US beef exporters eyeing UK market as EU offers quota deal

The UK is set to come under renewed pressure to open its post-Brexit beef market to more imports from the US, following an announcement on Monday (3 September) by the European Commission that it will renegotiate its own import quotas for US beef.

Britain has identified the US as a key target for a free trade deal once the UK leaves the EU. American ranchers are expected to put pressure on the Trump administration to push for improved access to UK beef markets as part of those talks, and they will be encouraged by Monday’s promise of better access to the EU.

At present, US beef exports to Europe are limited by a 45,000-tonne quota for grain-fed, hormone-free beef. The quota was created in 2009 as part of the settlement of a long-running World Trade Organisation dispute over the EU’s continuing ban on hormones in beef.

See also: How to review your farm business to prepare for Brexit

The quota is not exclusive to the US, however, and in recent years Australia and South American countries have taken a growing share of the quota. Now the commission has promised to open talks on reserving a share of this quota specifically for the US.

This could encourage more US cattle producers to produce hormone-free beef, which represents a small specialist niche within the US beef sector.
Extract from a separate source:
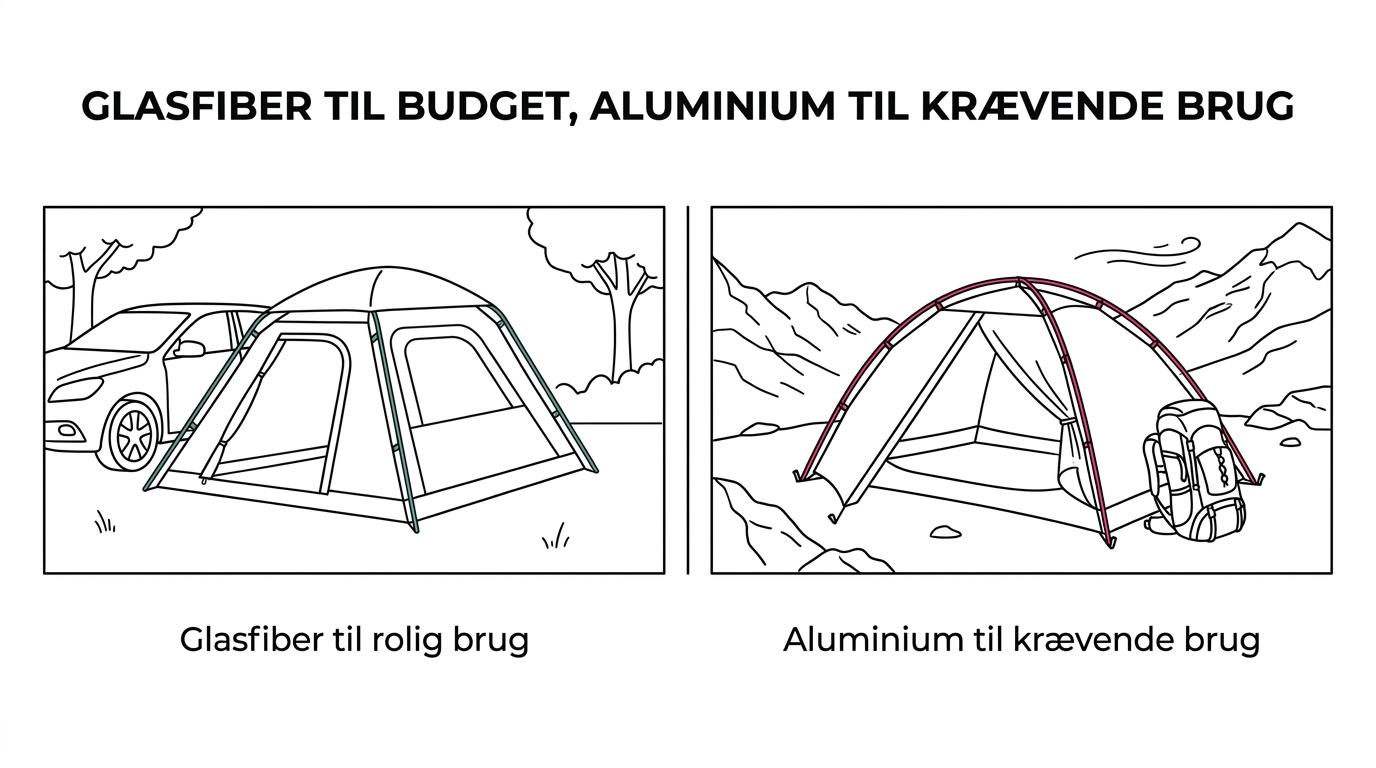 Sammenligning af glasfiber- og aluminiumsteltstænger med forskelle i pris, vægt, holdbarhed og typisk brug.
Also, US exporters will view the UK – which will be out of the EU by March 2019 – as a promising additional market.

The commission has promised to maintain its insistence that all imported beef must be hormone-free, and the UK is expected to do likewise.

The EU and UK have provisionally agreed that Britain will in effect remain covered by the provisions of EU trade agreements until the end of 2020 – although this agreement would be null and void if Britain were to leave the EU next March without an overall deal in place.